York Region has a relatively high percentage of baby boomers and soon-to-be retirees, regional director of economic development Patrick Draper said. Younger workers are opting for fields such as biotechnology, leaving open the question of who will fill so-called traditional jobs.
“It’s pretty serious right now. If the government and private sector don’t do anything, the consequences could be pretty severe,” said Tony Fang, a professor in York’s School of Human Resource Management in the Faculty of Liberal Arts & Professional Studies.
With an aging population and declining fertility rate there will be fewer people in the labour market producing goods and services, he said.
Off-setting salary increases and promotions with more family time, more work from home and phased retirements could all help ease the transition to a new workplace model, he said.
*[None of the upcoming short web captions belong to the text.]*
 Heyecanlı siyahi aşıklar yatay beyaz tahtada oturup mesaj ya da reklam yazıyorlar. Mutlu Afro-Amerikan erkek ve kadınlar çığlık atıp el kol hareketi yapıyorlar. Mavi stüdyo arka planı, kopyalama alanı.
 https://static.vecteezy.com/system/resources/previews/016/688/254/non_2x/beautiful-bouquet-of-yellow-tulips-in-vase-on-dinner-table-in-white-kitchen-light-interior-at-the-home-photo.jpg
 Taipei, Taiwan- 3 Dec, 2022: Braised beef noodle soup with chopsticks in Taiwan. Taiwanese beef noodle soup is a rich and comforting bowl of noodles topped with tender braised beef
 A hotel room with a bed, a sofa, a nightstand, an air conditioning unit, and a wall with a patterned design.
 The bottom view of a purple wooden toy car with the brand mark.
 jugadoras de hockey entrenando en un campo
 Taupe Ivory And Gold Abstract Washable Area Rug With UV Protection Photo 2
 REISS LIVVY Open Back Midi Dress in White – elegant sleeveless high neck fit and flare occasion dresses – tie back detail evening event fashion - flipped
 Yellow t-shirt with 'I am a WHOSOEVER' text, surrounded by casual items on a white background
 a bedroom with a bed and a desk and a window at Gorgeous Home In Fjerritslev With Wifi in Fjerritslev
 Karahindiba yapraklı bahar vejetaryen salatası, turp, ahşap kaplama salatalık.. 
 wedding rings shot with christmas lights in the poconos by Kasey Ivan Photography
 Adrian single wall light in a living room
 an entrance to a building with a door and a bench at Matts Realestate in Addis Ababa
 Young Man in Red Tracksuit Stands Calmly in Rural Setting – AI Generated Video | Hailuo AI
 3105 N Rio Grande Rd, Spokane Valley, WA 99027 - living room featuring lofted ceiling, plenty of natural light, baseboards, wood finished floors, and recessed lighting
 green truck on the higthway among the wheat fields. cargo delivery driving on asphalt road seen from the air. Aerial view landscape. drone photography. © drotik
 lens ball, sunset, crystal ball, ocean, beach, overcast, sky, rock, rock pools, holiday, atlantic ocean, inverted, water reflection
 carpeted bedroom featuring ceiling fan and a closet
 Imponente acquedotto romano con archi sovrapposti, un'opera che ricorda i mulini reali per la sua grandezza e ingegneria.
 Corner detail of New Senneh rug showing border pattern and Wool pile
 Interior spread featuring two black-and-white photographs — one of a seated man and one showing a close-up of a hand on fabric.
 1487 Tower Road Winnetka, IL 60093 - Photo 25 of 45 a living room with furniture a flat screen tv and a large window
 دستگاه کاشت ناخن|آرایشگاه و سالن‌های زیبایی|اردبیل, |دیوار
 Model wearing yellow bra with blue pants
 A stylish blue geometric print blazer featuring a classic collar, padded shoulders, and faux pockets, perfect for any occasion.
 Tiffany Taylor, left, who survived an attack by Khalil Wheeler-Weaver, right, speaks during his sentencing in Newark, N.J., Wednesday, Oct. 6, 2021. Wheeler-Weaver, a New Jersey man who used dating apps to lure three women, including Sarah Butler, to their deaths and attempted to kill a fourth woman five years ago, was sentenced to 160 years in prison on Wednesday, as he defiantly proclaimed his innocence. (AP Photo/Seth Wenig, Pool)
Studies like the one in which the region is engaging could be a part of finding solutions. “We need a more systematic approach to HR planning,” Fang said.
Gay dropouts say street is only option
There is little research on sexual orientation and youth homelessness in Canada, says Ilona Abramovich (BA ’04, MA ’08), who wrote her master’s thesis in York’s Faculty of Health on the lack of services for queer homeless youth in Toronto, wrote the Toronto Star Aug. 20.
A 2000 study estimates between 25 and 40 per cent of homeless youth identify as lesbian, gay, bisexual, transsexual or transgender (LGBT). Yet in Toronto – which promotes itself as Canada’s gay capital – there are no emergency shelters or crisis services specifically designed for them, says Abramovich, 29, whose experience “coming out” as a lesbian sparked her interest in the issue.
“There are programs for queer youth and programs for homeless youth. But there is very little geared to the specific needs of queer youth who are homeless,” she says. “And that has to change.”
Local reverend bids farewell to his flock
A life in service to God is not always a person’s first career choice and this was true for Rev. Michael Barnes (BAS ’84, BA ’89), who will officially retire on Oct. 1, wrote the Bracebridge Examiner Aug. 19.
After 13 years at Knox Presbyterian Church in Bracebridge, Barnes is bidding adieu to his official life in the ministry and looking back upon the years that helped shape his religious calling.
Barnes holds a Bachelor of Arts and Bachelor of Administrative Studies from York University. He also earned a Master of Divinity and Master of Theology from Knox College, University of Toronto.
"I liked the simplicity of the Presbyterian church’s setting and service," he said. "I was also interested in things spiritual. A real turning point came when I was going to night school at York. I took an Interpreting the Bible course. That really got me interested."
- An interview with Sarah Flicker, professor in York’s Faculty of Environmental Studies, about her latest study of teen sexual health was rebroadcast on Hamilton’s AM900 CHML Radio Aug. 19.
- Most TV and radio stations continued their coverage of the Rogers Cup at the Rexall Center at York University Aug. 20.